State v. Wiedrich

460 N.W.2d 680, 1990 N.D. LEXIS 161, 1990 WL 108791
CourtNorth Dakota Supreme Court
DecidedJuly 31, 1990
DocketCr. 890126
StatusPublished
Cited by17 cases

This text of 460 N.W.2d 680 (State v. Wiedrich) is published on Counsel Stack Legal Research, covering North Dakota Supreme Court primary law. Counsel Stack provides free access to over 12 million legal documents including statutes, case law, regulations, and constitutions.

Bluebook
State v. Wiedrich, 460 N.W.2d 680, 1990 N.D. LEXIS 161, 1990 WL 108791 (N.D. 1990).

Opinions

VANDE WALLE, Justice.

Marvin Wiedrich appealed from a jury conviction of manslaughter, alleging, among other issues, omissions from the jury instructions. We reverse the conviction.

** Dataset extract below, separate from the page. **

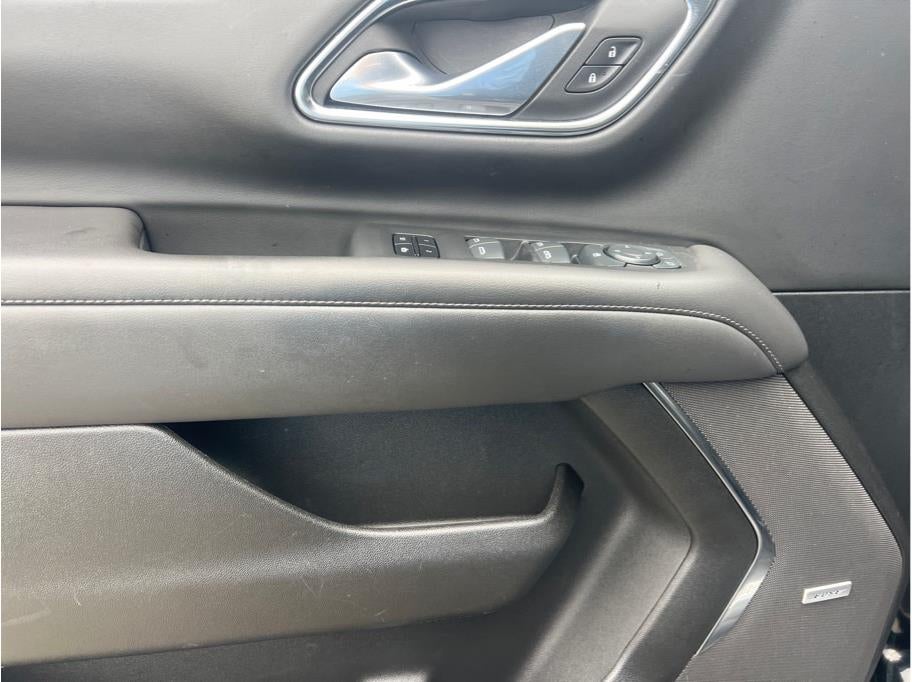 2024 Chevrolet Suburban LT Sport Utility 4D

On May 21,1988, Eddie Goodbird went to Halliday, North Dakota, to seek work at the Long Horn Bar, owned by Wiedrich. Wiedrich hired him to do some yard work. After Goodbird started the job, the mower broke. Goodbird went back into the bar, told Wiedrich about the mower, and offered to finish the job when the mower was fixed. Wiedrich paid Goodbird $15.00. Go-odbird had a few beers and played an electronic game with another bar patron. Meanwhile, Wiedrich went out to inspect Goodbird’s work. When he came back in, he was angry and hollered at Goodbird, [681]*681“You didn’t do shit.” An argument took place in which Wiedrich was more vocal, but no one heard or saw any threats of violence, shoving, or pushing.

The other patrons left and there was no one else present when Wiedrich shot Good-bird twice with a pistol. Soon after the shooting, Esther Horning, Wiedrich’s live-in friend, returned to the bar and found Wiedrich calling the sheriff to report the shooting. Wiedrich told her to lock the door to the bar. When the sheriff arrived, Horning unlocked the door and let him in. The sheriff found Goodbird dead, lying face down behind the bar. Wiedrich told the sheriff, “I shot him.”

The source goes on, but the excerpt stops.